[ オピニオン ]
(2018/12/21 05:00)
関西国際空港と大阪国際(伊丹)空港、神戸空港の最適運営の在り方を、関西財界や地元自治体で議論する「関西3空港懇談会」(3空港懇)の動向が注目されている。9月の台風21号で関空の空港施設が浸水し一時閉鎖に追い込まれ、関西経済へも影響を与えた。さらなる災害の備えや、伊丹と神戸の国際化対応など規制緩和も、真剣に議論すべき時がきている。
3空港懇の調整役を担う関西経済連合会は、12月24日の開催を決めた。関西財界や関連する自治体に加え、3空港の運営会社である関西エアポートも議論にかかわる。オリックスと仏バンシ・エアポートが主要株主となる関西エアポートは、2016年4月に関空と伊丹空港、18年4月からは神戸空港を、それぞれ長期運営する形で国などから任された。
関西エアポートが3空港の中で、運営の基軸にするのは関空だ。関空は発着枠で余力がまだあるとし、関空の活用をまず重視しつつ、3空港の最適運営を模索している。
ただ関空の被災を機に、関西3空港として関空にしかない国際線の在り方が問われているのも事実だ。9月に関空の国際線再開が遅れていた段階で、国の意向もあり、機能補完のため特例的に国際線の一部を伊丹、神戸の2空港が受け入れる合意が行われた。
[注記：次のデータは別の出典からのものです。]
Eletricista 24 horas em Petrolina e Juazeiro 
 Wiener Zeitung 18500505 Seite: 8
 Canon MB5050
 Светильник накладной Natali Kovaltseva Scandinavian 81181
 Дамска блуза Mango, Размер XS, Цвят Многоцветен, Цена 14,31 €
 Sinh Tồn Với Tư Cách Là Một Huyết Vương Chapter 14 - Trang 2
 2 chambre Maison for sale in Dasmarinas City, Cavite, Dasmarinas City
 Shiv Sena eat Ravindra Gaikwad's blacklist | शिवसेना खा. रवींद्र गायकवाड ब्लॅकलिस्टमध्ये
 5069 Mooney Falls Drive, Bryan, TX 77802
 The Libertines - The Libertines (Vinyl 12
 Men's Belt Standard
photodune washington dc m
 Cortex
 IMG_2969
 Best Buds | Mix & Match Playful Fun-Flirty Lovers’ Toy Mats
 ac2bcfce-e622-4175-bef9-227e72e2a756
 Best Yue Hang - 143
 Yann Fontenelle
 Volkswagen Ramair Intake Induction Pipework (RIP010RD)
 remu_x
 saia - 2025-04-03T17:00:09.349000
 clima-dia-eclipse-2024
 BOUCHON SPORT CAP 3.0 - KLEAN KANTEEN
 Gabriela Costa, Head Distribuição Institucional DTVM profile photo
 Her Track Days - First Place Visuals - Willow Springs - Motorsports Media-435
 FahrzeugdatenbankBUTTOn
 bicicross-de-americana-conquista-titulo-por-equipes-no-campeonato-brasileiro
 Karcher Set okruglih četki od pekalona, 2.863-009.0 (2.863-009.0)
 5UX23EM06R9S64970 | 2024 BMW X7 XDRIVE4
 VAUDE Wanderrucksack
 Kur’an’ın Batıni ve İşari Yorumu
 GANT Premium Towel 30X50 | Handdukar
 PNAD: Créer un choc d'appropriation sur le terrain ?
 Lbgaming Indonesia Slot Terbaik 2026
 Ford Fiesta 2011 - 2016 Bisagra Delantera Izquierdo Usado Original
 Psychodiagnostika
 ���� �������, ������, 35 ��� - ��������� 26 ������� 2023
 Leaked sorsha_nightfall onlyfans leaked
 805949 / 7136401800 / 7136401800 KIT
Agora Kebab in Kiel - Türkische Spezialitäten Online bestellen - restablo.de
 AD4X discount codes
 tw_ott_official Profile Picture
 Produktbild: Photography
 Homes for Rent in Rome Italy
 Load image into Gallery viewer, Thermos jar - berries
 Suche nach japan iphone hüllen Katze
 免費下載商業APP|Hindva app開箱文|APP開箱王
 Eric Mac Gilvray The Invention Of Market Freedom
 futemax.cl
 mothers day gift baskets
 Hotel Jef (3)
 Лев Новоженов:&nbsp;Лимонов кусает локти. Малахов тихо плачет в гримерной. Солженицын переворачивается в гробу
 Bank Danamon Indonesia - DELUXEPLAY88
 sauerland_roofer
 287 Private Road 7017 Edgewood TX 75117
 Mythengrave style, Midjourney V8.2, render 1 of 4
関空が想定より早期復旧を果たし、2空港での国際線実現はなかったが、代替運用が認められた事実は大きい。
ここ数年の関西経済は、アジア方面からの訪日外国人(インバウンド)効果で活気づく。2025年に大阪・関西で国際博覧会(万博)の開催が決まり、万博開催地の人工島・夢洲(ゆめしま)では、統合型リゾート(IR)の誘致計画もあり、関西経済活性化へのインパクトは高まる。19年6月に、主要20カ国・地域首脳会議(G20サミット)も大阪で開かれる。海外からのアクセスで西日本の玄関口と位置づける関空の役割向上に加え、関西3空港がそれぞれ付加価値を高める方向性を議論から見いだせるか、関西財界のリーダーシップが問われる。